The Channel series, is an “abstraction of transition and experience of life. The clear fluid forms mark the subtle but constant continuation of time,” says Waimon. The use of texture pays homage to our unspoken moments and feelings while the incorporation of lenses provides the viewer with a voyeuristic view into the interior. For instance, Beacon is an oval piece with a hole that passes through its center. This passage is girdled with intricate carvings and a series of lenses.
Eunsuh Choi grew up in Seoul, South Korea where she earned a Master of Art degree in glass from Kookmin University.

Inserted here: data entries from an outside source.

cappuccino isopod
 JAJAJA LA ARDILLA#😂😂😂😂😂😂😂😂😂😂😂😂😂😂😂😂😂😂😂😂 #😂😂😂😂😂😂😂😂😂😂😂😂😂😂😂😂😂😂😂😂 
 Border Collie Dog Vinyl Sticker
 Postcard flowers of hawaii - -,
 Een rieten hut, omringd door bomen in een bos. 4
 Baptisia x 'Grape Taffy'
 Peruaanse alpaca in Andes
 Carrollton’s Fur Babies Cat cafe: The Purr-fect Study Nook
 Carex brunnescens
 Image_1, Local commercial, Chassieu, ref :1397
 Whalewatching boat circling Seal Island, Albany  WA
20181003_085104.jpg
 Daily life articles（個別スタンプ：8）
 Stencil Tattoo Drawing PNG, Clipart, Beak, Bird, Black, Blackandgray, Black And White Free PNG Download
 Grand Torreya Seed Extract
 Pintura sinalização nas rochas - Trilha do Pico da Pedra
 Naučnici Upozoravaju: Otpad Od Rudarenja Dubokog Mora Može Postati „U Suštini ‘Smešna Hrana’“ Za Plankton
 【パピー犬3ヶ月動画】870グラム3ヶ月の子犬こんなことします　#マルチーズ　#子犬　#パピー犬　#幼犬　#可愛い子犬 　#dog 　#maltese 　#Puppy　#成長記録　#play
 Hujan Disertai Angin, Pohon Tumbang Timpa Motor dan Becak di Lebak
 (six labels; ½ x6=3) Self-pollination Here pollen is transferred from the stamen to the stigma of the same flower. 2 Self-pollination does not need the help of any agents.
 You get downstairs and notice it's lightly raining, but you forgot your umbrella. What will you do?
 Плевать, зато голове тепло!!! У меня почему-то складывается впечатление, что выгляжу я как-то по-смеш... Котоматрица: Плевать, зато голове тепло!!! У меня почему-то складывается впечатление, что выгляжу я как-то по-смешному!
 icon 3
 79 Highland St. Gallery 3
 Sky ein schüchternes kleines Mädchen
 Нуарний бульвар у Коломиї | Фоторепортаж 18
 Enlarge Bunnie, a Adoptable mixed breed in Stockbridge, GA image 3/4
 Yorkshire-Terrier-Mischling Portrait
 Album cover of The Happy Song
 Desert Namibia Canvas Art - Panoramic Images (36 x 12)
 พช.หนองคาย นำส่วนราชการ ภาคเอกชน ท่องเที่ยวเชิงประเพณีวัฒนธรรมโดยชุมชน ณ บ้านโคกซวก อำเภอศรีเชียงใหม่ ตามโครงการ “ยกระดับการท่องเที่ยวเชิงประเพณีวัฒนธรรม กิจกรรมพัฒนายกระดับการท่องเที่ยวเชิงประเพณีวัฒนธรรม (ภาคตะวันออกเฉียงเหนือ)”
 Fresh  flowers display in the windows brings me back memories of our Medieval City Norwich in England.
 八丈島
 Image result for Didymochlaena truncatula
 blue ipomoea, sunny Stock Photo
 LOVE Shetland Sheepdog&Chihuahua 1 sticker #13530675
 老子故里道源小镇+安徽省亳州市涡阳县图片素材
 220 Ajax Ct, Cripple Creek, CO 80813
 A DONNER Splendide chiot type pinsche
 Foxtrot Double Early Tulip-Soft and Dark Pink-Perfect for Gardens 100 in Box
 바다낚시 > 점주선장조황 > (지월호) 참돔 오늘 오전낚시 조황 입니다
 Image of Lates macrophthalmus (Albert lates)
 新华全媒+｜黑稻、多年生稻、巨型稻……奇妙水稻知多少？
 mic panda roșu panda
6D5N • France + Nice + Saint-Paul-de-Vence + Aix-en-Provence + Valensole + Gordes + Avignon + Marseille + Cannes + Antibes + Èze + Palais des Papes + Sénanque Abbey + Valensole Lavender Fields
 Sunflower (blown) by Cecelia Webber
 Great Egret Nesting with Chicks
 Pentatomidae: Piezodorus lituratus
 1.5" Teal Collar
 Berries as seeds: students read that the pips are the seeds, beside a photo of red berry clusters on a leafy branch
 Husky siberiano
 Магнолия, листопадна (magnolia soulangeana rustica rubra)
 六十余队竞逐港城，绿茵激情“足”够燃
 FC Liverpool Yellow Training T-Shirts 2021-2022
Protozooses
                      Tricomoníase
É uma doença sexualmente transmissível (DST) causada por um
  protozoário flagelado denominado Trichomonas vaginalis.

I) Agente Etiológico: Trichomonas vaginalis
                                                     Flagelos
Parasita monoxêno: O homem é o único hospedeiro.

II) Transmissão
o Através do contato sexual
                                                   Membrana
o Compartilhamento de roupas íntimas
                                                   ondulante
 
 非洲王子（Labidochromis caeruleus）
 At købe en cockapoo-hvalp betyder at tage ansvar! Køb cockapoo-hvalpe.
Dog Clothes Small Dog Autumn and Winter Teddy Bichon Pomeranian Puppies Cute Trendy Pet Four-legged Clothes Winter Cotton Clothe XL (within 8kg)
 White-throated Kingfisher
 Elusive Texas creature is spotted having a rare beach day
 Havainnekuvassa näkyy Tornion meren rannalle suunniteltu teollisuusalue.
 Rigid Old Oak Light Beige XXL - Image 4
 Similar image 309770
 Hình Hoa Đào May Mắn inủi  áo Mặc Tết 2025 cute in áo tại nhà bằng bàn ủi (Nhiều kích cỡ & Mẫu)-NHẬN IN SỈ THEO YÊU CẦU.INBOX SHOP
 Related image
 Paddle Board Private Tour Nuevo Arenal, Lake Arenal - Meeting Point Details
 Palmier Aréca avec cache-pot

After moving to the United States, she earned a second Master of Fine Arts degree in glass from Rochester Institute of Technology. Her work is in permanent collections at Cafesjian Center for the Arts, Armenia, The Corning Museum of Glass and Korea Craft Museum. Choi has been featured in numerous publications including Nues Glass, The Flow, Sculpture, Art Buzz, New Glass Review, American Craft, Niche Magazine, and Luxury (Korea). She currently resides in Rochester, NY.
Originally from Connecticut, Waimon lives in Providence, RI. He earned his BFA in glass from the Massachusetts Institute of Technology in 2006. His work has been featured in New England Home, Fine Art Connoisseur and Niche Magazine.